In this research group, we study the Dark Age of the Universe through observations of Cosmic Infrared Background (CIRB). The Dark Age is the period between the recombination epoch, when the universe became neutral and CMB was left, and the reionization epoch, when the first stars were formed by density perturbations.

Recent observations have found that CIRB in the near- and mid-infrared region has spectrum shape with a peak near 1μm wavelength. The shape is unique in that its brightness and fluctuations cannot be explained by the integrated flux of the external galaxies towards the line of sight. It is thought to be caused by ionizing ultraviolet radiation, mainly the Lyman alpha lines from the first generation stars and galaxies. The observation attracts much attention as a way to probe the Dark Ages.

We will continuously promote the rocket experiments aiming at a more advanced research.

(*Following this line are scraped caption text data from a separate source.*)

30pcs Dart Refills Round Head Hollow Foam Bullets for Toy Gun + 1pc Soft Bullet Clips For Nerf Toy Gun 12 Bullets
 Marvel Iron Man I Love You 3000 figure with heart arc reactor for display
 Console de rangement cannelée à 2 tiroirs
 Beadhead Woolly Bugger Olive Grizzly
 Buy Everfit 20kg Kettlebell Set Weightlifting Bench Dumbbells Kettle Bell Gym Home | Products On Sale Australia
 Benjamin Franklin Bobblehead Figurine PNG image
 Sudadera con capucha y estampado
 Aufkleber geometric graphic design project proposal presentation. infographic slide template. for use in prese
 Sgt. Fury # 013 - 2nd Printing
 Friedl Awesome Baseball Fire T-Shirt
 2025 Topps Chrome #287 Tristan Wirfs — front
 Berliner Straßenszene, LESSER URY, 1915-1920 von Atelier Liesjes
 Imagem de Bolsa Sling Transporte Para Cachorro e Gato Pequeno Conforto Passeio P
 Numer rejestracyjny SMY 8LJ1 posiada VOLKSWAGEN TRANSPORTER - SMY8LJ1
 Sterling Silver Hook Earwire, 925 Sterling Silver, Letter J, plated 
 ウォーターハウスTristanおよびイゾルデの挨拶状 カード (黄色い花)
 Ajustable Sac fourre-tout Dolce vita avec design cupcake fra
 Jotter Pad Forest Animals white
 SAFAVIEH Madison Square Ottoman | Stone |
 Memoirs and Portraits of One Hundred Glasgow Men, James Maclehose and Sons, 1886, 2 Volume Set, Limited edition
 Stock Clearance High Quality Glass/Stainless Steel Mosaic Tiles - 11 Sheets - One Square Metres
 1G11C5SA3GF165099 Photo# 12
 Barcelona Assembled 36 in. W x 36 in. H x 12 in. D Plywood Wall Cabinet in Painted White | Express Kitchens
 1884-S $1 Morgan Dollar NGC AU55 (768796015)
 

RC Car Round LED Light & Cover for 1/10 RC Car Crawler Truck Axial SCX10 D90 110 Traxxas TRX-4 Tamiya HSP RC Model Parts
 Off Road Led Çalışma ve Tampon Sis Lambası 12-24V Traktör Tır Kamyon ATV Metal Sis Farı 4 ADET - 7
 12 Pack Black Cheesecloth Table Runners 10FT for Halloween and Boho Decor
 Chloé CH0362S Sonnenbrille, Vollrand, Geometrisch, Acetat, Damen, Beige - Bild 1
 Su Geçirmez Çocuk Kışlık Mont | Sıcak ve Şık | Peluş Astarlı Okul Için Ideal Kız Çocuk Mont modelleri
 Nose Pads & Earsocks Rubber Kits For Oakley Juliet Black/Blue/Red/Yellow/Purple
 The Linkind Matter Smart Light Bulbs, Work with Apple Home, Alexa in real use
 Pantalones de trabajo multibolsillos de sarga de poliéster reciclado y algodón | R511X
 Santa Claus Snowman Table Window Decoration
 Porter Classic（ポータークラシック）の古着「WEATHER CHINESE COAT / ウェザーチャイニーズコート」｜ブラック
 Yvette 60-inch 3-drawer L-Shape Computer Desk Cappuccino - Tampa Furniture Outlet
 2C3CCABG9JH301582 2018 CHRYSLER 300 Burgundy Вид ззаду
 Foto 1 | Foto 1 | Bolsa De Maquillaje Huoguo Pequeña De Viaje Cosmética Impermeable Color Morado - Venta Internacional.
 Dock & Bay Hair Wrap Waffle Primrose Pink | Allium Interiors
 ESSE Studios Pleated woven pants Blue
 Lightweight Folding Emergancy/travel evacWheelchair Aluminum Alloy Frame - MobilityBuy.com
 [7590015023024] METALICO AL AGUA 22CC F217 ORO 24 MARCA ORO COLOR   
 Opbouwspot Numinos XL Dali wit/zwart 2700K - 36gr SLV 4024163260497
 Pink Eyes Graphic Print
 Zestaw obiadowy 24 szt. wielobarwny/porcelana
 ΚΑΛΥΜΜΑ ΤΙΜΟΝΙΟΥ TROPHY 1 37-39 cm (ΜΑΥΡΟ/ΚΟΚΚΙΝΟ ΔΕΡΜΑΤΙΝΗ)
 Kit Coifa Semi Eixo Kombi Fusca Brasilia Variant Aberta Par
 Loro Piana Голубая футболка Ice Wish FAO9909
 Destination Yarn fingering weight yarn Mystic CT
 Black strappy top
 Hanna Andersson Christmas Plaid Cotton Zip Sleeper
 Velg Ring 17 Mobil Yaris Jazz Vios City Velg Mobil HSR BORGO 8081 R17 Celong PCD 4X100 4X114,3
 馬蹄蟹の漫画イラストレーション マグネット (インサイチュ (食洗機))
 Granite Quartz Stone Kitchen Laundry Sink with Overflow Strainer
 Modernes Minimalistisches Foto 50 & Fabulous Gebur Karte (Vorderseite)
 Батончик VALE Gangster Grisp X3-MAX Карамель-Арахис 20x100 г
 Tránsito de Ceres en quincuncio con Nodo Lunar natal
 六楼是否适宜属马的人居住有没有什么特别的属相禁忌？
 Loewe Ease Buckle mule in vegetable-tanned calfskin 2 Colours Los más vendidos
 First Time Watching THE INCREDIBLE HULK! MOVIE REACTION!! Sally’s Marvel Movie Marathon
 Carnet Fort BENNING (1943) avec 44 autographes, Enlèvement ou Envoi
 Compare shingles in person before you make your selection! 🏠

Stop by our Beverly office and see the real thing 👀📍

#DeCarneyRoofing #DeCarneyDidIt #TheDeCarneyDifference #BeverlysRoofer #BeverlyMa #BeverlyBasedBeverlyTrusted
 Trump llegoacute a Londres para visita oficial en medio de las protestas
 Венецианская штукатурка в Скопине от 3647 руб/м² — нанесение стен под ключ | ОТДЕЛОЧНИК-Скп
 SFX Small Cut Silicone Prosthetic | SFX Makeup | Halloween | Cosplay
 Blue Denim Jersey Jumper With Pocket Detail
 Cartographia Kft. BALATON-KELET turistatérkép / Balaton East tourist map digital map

We will study contributions from the first stars and galaxies with detailed observations on the Lyman alpha lines and CIRB fluctuations using the infrared astronomical satellite AKARI and a rocket mission CIBER.

As well as obtaining scientific results, our aim is to develop basis for future satellite missions such as SPICA in collaboration with Group A02.

Moreover, we will plan and study “the ultimate CIRB observation mission” which will completely remove the effects of zodiacal light (foreground radiation) utilizing interplanetary probe that will escape from solar dust clouds.

We will analyze AKARI’s data in order to detect CIRB in the far-infrared region which carries information on components such as dust radiation from primitive new-born galaxies and hydrogen molecule lines accompanied by the first star formation. In collaboration with Groups A01 and A04, we will conduct a comprehensive research on the effects of the objects in the Dark Ages on CMB.